Myosotis Connector: a Fast SQL Proxy for MySQL and PostgreSQL

SQL proxies have been very much in the news lately, especially for open source databases. MySQL Proxy and PG-Pool are just two examples. Here is another proxy you should look at: Myosotis.

Myosotis is a 'native-client' to JDBC proxy for MySQL and PostgreSQL clients. We originally developed it to allow clients to attach to our Java-based middleware clusters without using a JDBC driver. Myosotis parses the native wire protocol request from the client, issues a corresponding JDBC call, and returns the results back to the client. As you can probably infer, it's written in Java. "Myosotis" incidentally is the scientific name for "Forget-Me-Not," a humble but strikingly beautiful flower.

Myosotis is still rather simple but it already has a couple of very interesting features. First, it works for both MySQL and PostgreSQL. That's a good start. Wire protocols are very time-consuming to implement. Another feature is that Myosotis is really fast. This deserves explanation and some proof.

As other people have discovered, proxying is very CPU-intensive. It also involves a lot of concurrency, since a proxy may have to manage hundreds or even thousands of connections. Java is already fast in single threads--after a few runs through method invocations, the JVM has compiled the bytecodes down to native machine code. In addition, Java uses multiple CPUs relatively efficiently. Myosotis uses a thread per connection. Java automatically schedules these on all CPUs and optimizes of memory access in multi-core environment.

We can show Myosotis throughput empirically using Bristlecone, an open source test framework we wrote to measure performance of database clusters. We test proxy throughput by issuing do-nothing queries as quickly as possible with varying numbers of threads. The following run compares Myosotis against a uni/cluster 2007.1 process (a much more complex commercial middleware clustering software) and MySQL Proxy 0.6.1 running without Lua scripts. The proxy test environment is a Dell SC 1425 with 4 cores running CentOS5 and MySQL 5.1.23.

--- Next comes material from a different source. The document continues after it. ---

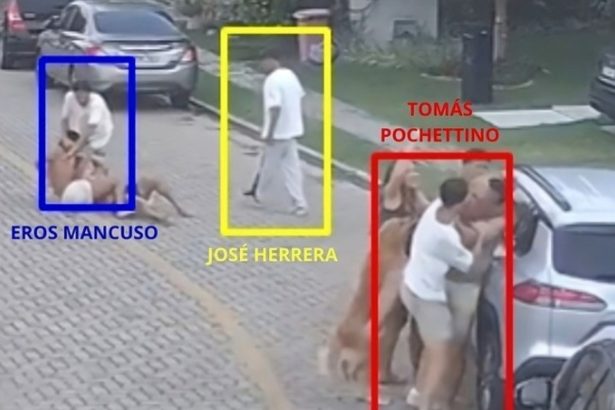 Impactante video: pelea de argentinos en Fortaleza durante Año Nuevo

The results are striking. Myosotis gets between 3000 and 3500 queries per second when 8 threads are simultaneously running queries. To demonstrate processor scaling, run htop when the Myosotis Connector is being tested. You see something like this--a nice distribution across 4 cores.
Myosotis is a very simple proxy now but it has the foundation to create something great. We have big plans for Myosotis--it's a key part of our Tungsten architecture for database scale-out, which we will be rolling out later in the summer. The next step is to add routing logic so that we can implement load balancing and failover. We'll be doing that over the next few months. Meanwhile, if you want to see how fast Java proxies for SQL can be, check us out at at http://myosotis.continuent.org.

p.s., If you want to repeat the test shown here on your own proxy, download Bristlecone and try it out. I used the ReadSimpleScenario test, which is specifically designed to check middleware latency.


Anonymous said...

Where is the download for Myosotis? The linked site has changed to something else (Tungsten). Please post an updated link. Thanks!

Robert Hodges said...

@Anonymous, code for the myosotis connector is available at SourceForge.net and you are welcome to download and build it. About 18 months ago we changed our licensing so that further myosotis development is closed source. We withdrew the binary builds because we felt it was confusing to have old copies of code with bugs in them.

As a compensation we fully open sourced MySQL replication technology in the Tungsten Replicator. It's available at http://code.google.com/p/tungsten-replicator/.

Anonymous said...

Just was curious to know if the new Replicator opensource has the nice features of read-write splitting as was there in sql router.

Also any comments on replicator be able to do sharding. As it says this on http://code.google.com/p/tungsten-replicator/ "Tungsten Replicator is a high performance, open source, data replication engine for MySQL. It offers a set of features that surpass any open source replicator available today: global transaction IDs to support failover, flexible transaction filtering, extensible transaction metadata, sharding, multiple replication services per process, high performance, and simple, well-documented operation."